The society offers exhibits, period rooms, guided tours of the Fonthill Museum, curriculum-based programs, curriculum-based traveling trunks, curriculum-based outreach presentations, concerts, workshops for children and teenagers, summer camps, Act 48 workshops, research library access, collections access, and research services. Reservations are strongly advised for the Fonthill Museum. The Mercer Museum is approximately 65 percent wheelchair accessible. The Fonthill Museum is wheelchair accessible on the first floor only. Collections access is by appointment only. A fee is charged for research conducted upon request. The website offers pre- and post-visit materials and an online catalog.

Jerome County Historical Society and Museum and Idaho Farm and Ranch Agricultural Museum [ID]

Description

The Society operates a local history museum, the Jerome County Historical Museum, as well as the Idaho Farm and Ranch Agricultural Museum. The latter displays many specimens of old farm equipment and original buildings from the surrounding area, including an exhibit from the World War II Minidoka Japanese Relocation Camp that was located at Hunt, ID in Jerome County.

The society and Jerome County Historical Museum offer exhibits, tours, and research library access; the Agricultural Museum offers exhibits, tours, and occasional recreational and educational events (including living history events).

Belle Grove Plantation [VA]

Description

Belle Grove is an 18th-century grain and livestock farm, which, in its prime (circa 1815), encompassed about 7,500 acres of land. The unique limestone house was completed in 1797 for Major Isaac Hite and his wife Nelly, sister of future President James Madison. The house has remained virtually unchanged through the years, offering visitors an experience of the life and times of the people who lived there in the late 18th and early 19th centuries. During the Civil War, Belle Grove was at the center of the decisive Battle of Belle Grove or Cedar Creek. Today, the plantation includes the main house and gardens, original outbuildings, a classic 1918 barn, an overseer's house, the slave cemetery, a heritage apple orchard, fields and meadows, and scenic mountain views.
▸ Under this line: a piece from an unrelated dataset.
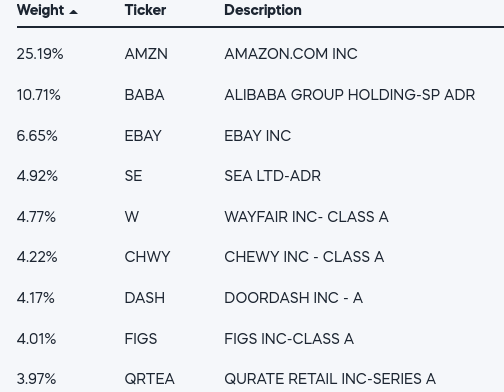 RETL's Holdings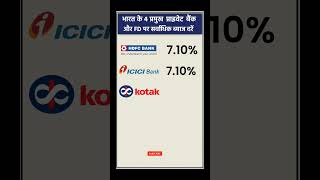 India s Top 4 Private Bank Fixed Deposit Interest Rates 2026 #aadharpan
The site offers tours, educational programs, and occasional recreational and educational events (including living history events).

Delaware Agricultural Museum and Village [DE]

Description

For the child who believes milk comes from the grocery store instead of a cow, for the woman who remembers using a cornsheller on her grandmother's farm, or the family who takes 20th-century technological advances and the farmer for granted, the Delaware Agricultural Museum and Village offers a memorable and educational experience. By preserving the quickly fading agricultural heritage of Delaware and the Delmarva Peninsula, the Museum stands as an important legacy for future generations. A main exhibit building and 15 historic structures associated with a 19th-century farming community bring the fascinating story of agriculture to life. More than 4,000 artifacts are displayed in the main exhibit building—from butter churns to threshers, from an 18th-century log house to the first broiler chicken house.

The site offers exhibits, tours, educational programs, demonstrations, research library access, and occasional recreational and educational events.

Lincoln Log Cabin State Historic Site

Description

Lincoln Log Cabin preserves the site of the last home and farm of Abraham Lincoln's father and stepmother, Thomas and Sarah Bush Lincoln. The Lincolns moved to the farm in 1837. Featured at the site are two living history farms that portray recreated agricultural practices as they existed in 1840s Illinois—the Thomas Lincoln Farm and the Stephen Sargent Farm. About 10 acres of period crops are cultivated, along with a hay field. Animals include teams of working oxen and horses, several sheep, and hogs similar to the razorbacks with which 1840s Illinois farmers were familiar.

The site offers exhibits, living history demonstrations, a short film, and educational and recreational programs and events.

New Mexico Farm and Ranch Heritage Museum

Description

The Museum brings to life the 3,000-year history of farming and ranching in New Mexico. The main building contains more than 24,000-square-feet of exhibit space, along with catering space for meetings and events, a mercantile, and theater. Visitors can watch a cow being milked, stroll along corrals filled with livestock, enjoy several gardens, or watch one of a growing number of demonstrations.

The museum offers exhibits, tours, demonstrations, classes, lectures, and other educational and recreational events and programs.